The second cause for the STCZ changes might relate to an expansion and/or intensification of the Subtropical High pressure systems. An expanded Subtropical High prevents intrusions of the subtropical jet and weakens the continental heat lows that occur during summer months and contribute to an intensified zonal pressure gradient[31]. Quantifying the intensity of the subtropical highs is not a simple task when dealing with different climate backgrounds (+ 2–3 °C) as the global pressure weakens in a warmer atmosphere[19]. As such, we compute the stream function at 850 hPa to identify the position and intensity of the pressure systems at low levels relative to the background state (c.f. Methods). We find that the Subtropical High pressure systems, were more intense in the mid-Pliocene in both PlioMIP phases (Fig. 3a,b).

Figure 3

Subtropical high intensification. (a) PlioMIP1 MMM stream function at 850 hPa. Units 10–7 m2 s−1. Inner panels show the multi-model median stream function at the latitude of the maximum stream function for the Pacific, Atlantic and Indian oceans (Methods). Banding indicates inter-quartile range. (b) as ‘a’ but for PlioMIP2. (c) relationship between the change in the position of the subtropical high maximum and the change in the SPCZ precipitation along its diagonal sector. The subtropical high maximum position is computed as the weighted average longitude of the 850 hPa stream function shown in the inner panels of ‘a’ and ‘b’ (see methods). (d) as per ‘c’ but for SACZ.

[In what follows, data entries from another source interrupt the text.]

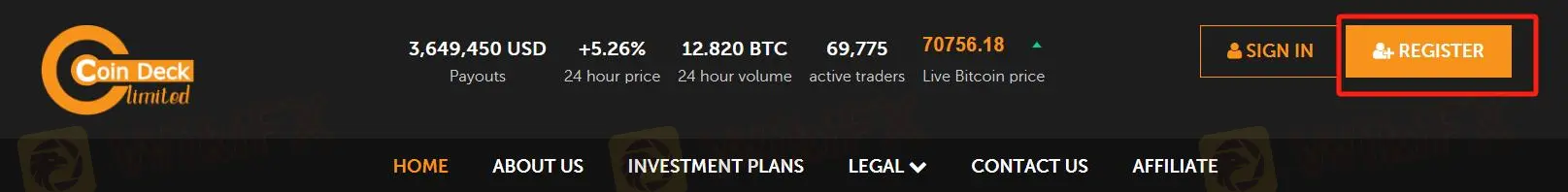 Click the button ''REGISTER'' 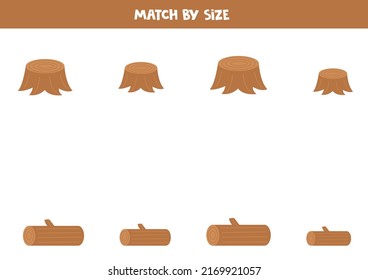 Match stumps and logs by size. Educational logical game for kids.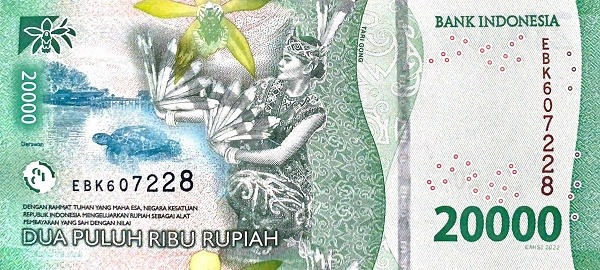 Reverse of banknote 20000 Indonesian rupiah 2023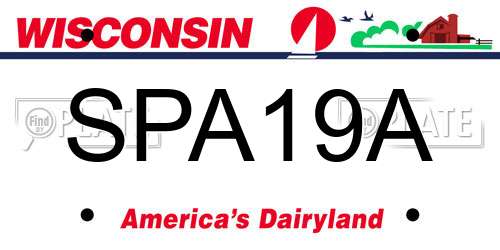 SPA19A Wisconsin License Plate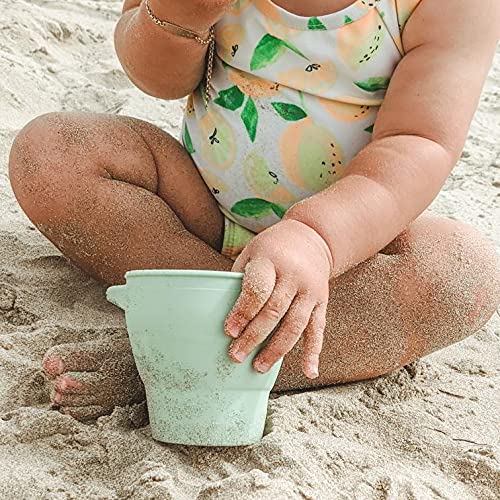 Snack Attack Snack Cup | Collapsible Silicone Snack Container | Toddler and Baby Snack Catcher Lid (Mint Green)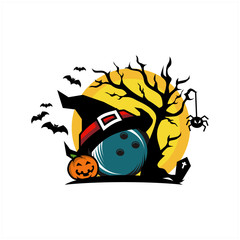 Bowling Halloween Tree Moon Logo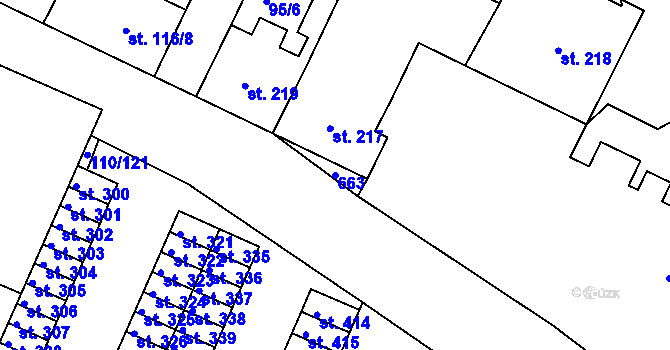 Parcela st. 663 v KÚ Moravany nad Loučnou, Katastrální mapa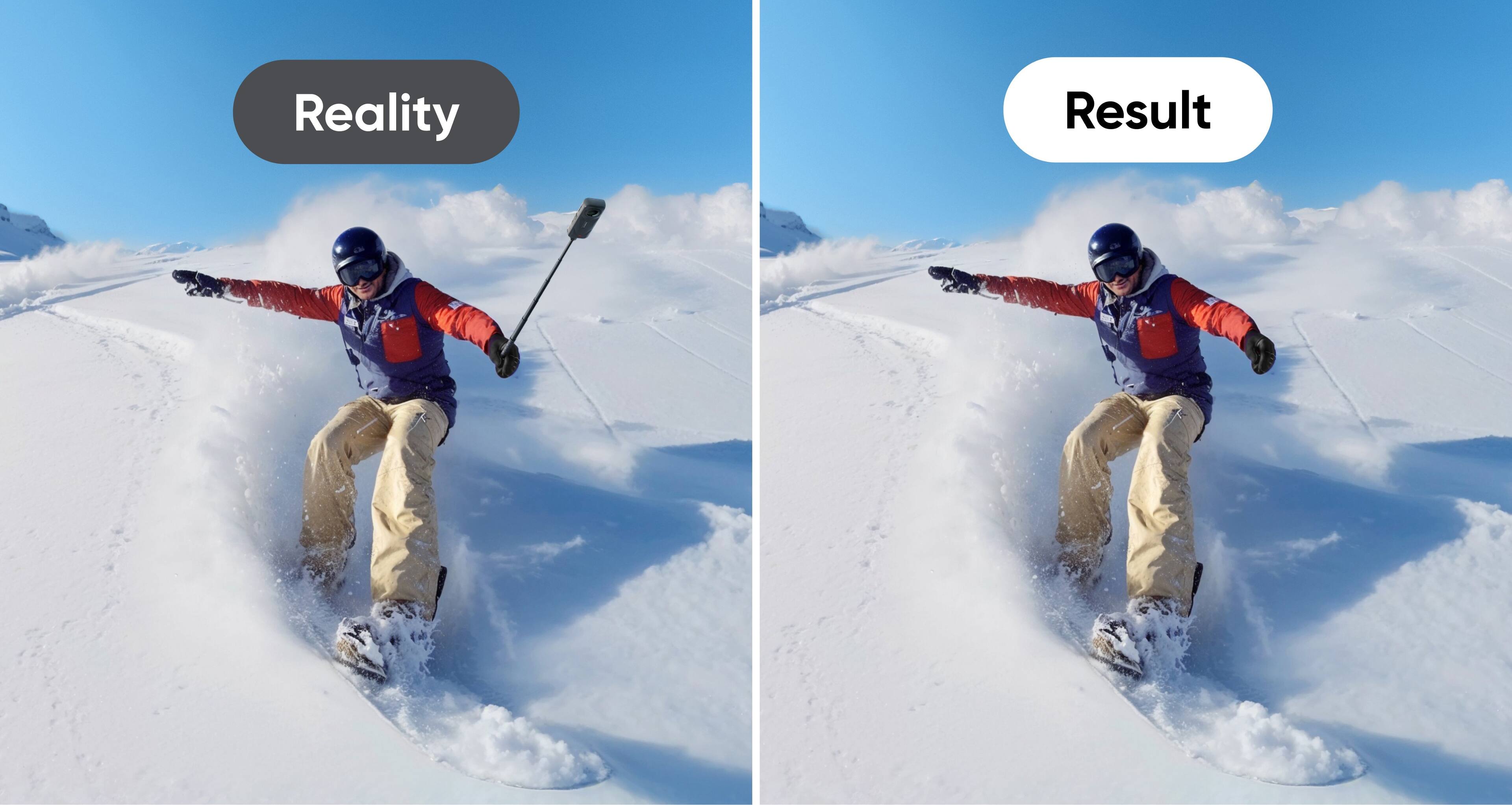 Reality: A man skiing down a snow-covered slope.
Result: A man skiing down a snow-covered slope.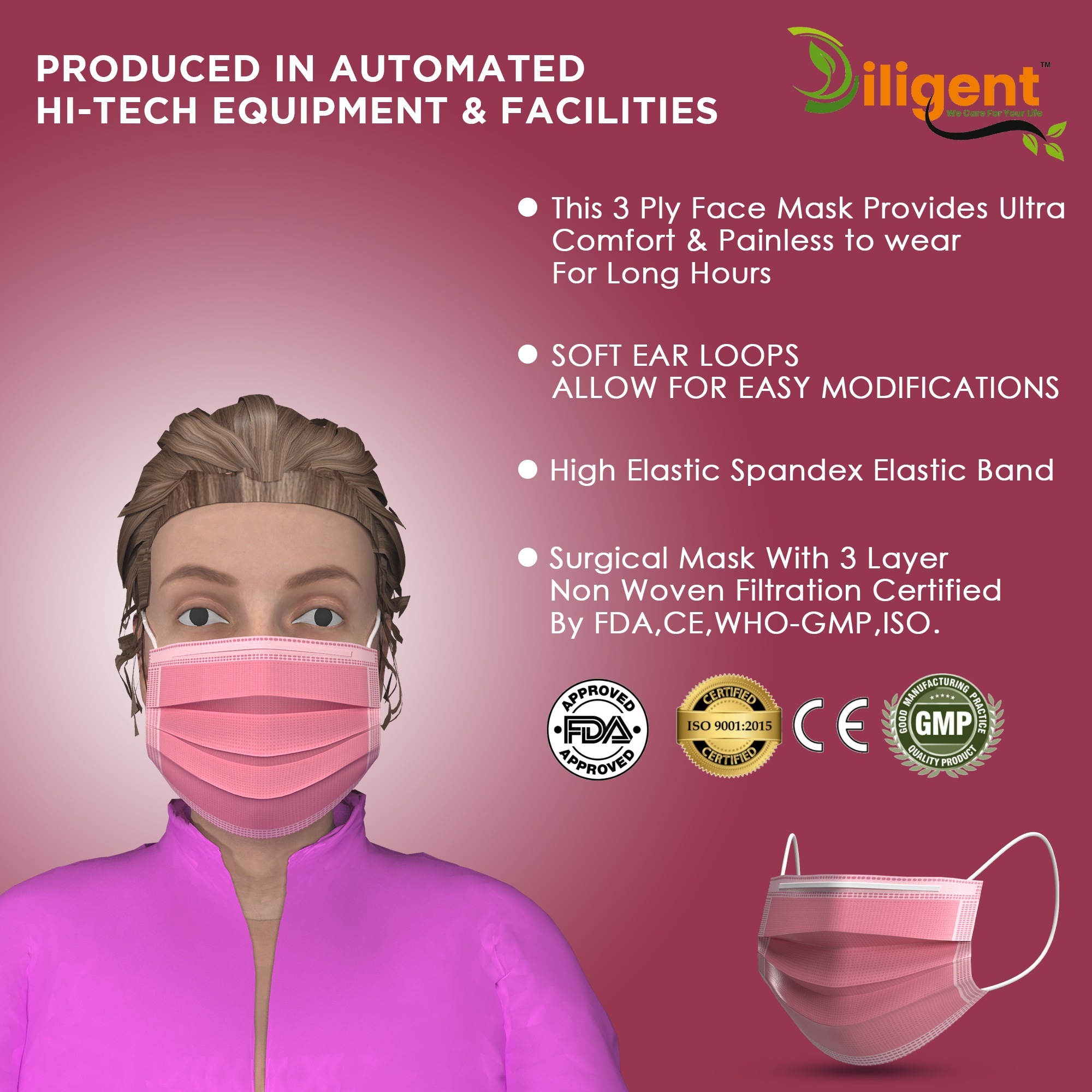 Pink 3Ply Surgical Mask Certified By FDA CE WHO-GMP and ISO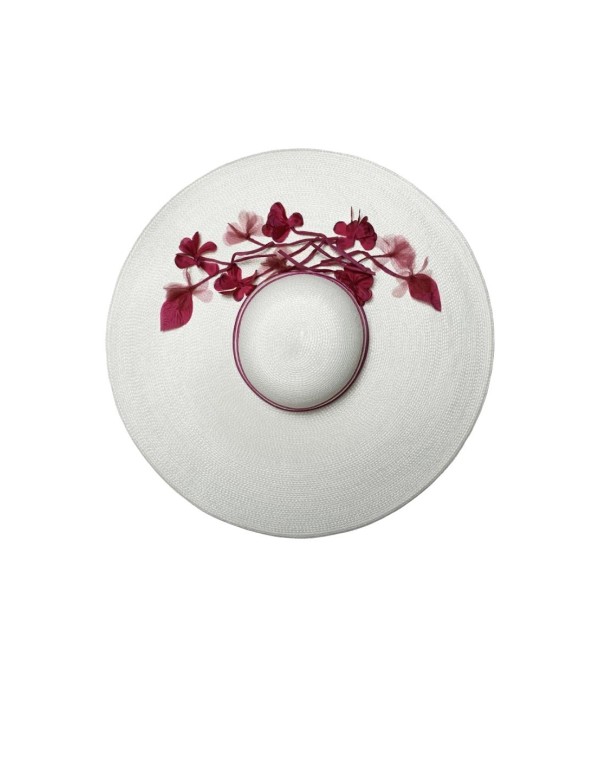 White wide-winged fascinator with bougainvillaea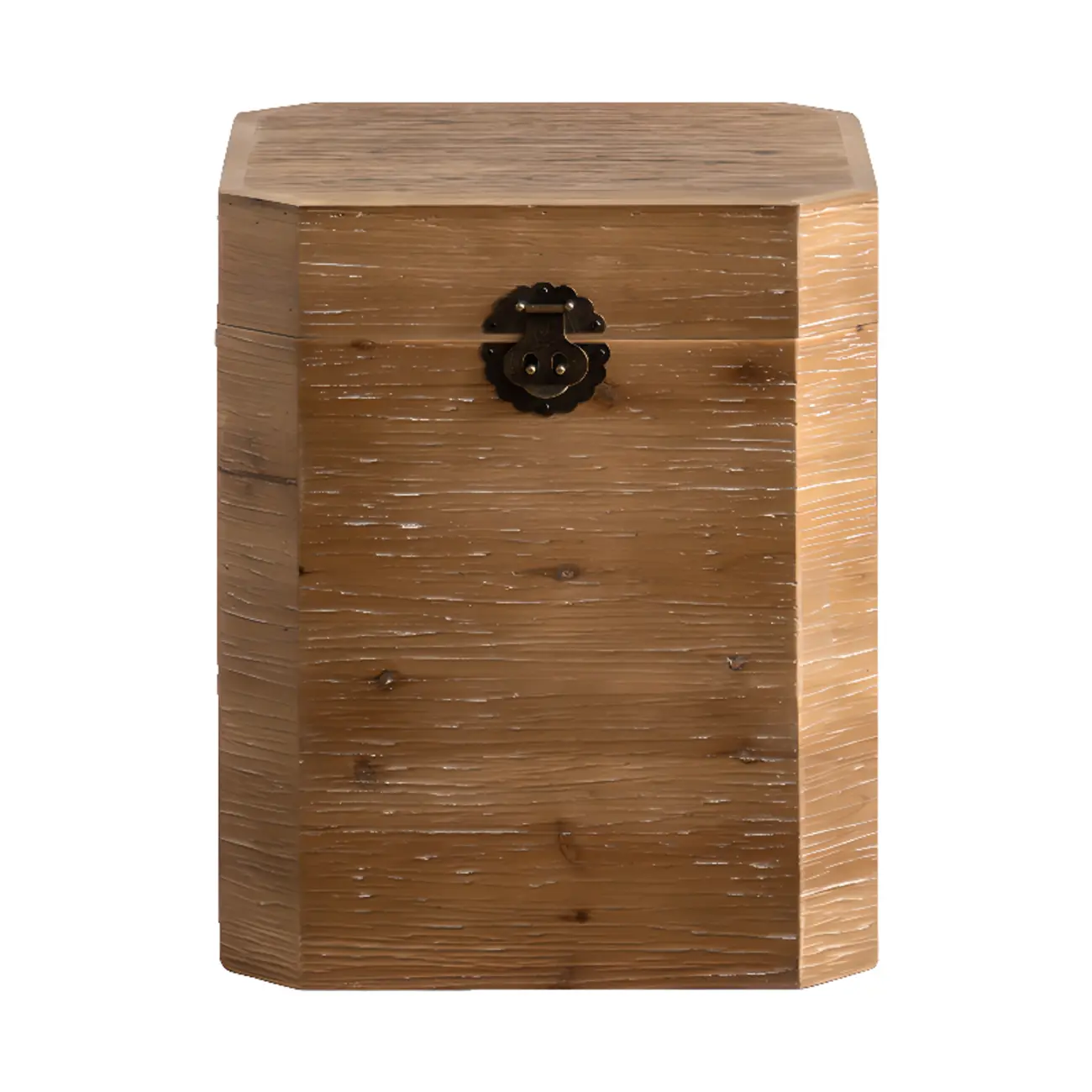 Natural Finish Square Rustic Wood End Table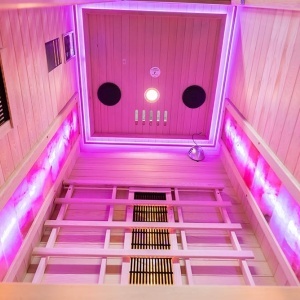 Saună cu infraroșu C1S pentru 1 persoană 90×90 cm cu piatră de sare, LED, Bluetooth – cabină sauna uscată | Deppo - Img 13
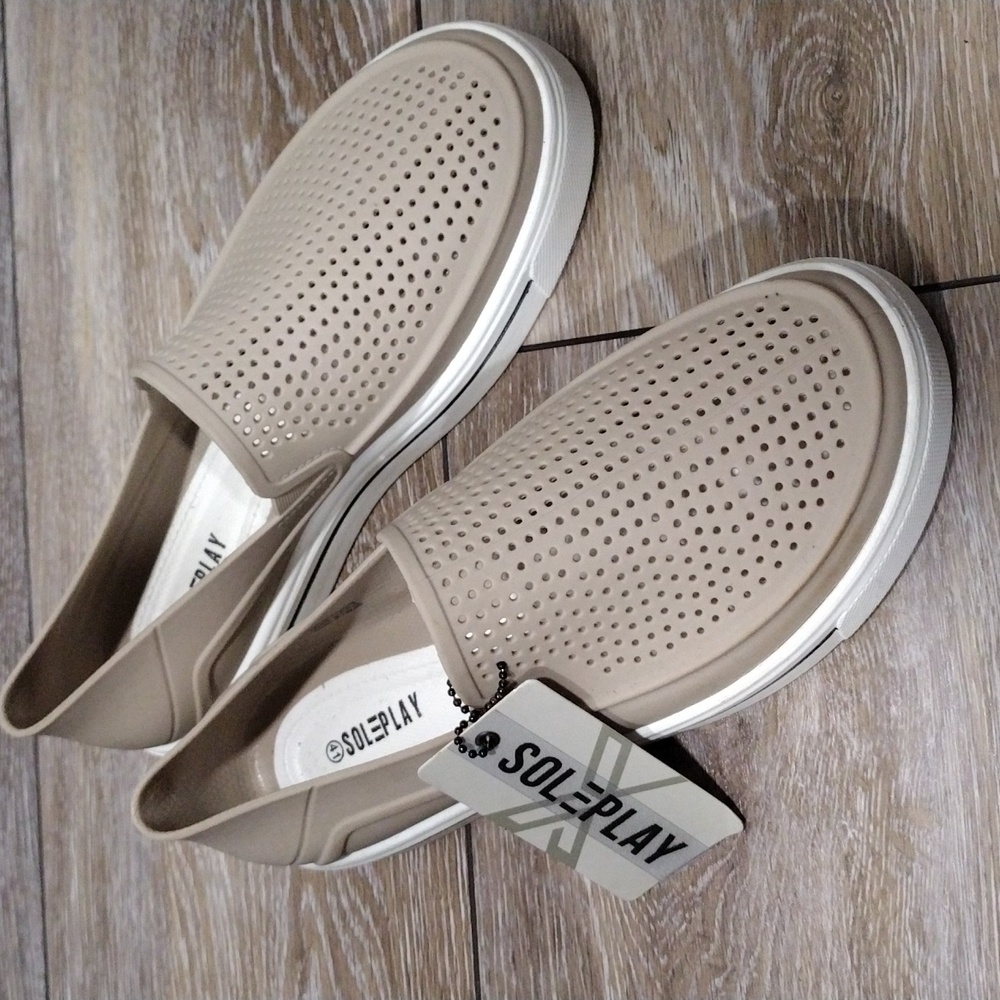Roleplay taupe brown perforated rubber loafers. NWT. Size 8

Across all models there is a strong relationship between the change in the position of the Subtropical High and the change in the intensity of the STCZs (Fig. 3c,d), where the models that simulate larger westward displacements of the subtropical high tend to be associated with larger rainfall reduction along both STCZs. The SPCZ comprises two sectors: a western zonal sector, which sometimes merges with the ITCZ in the western Pacific Warm Pool; and, an eastern NE to SW oriented sector[32], extending south-eastward to Cook Islands. Here, we only found significant correlations associated with rainfall changes in the eastern sector. Changes in rainfall at the western SPCZ may be more influenced by changes in the position and temperature of the Western Pacific Warm Pool.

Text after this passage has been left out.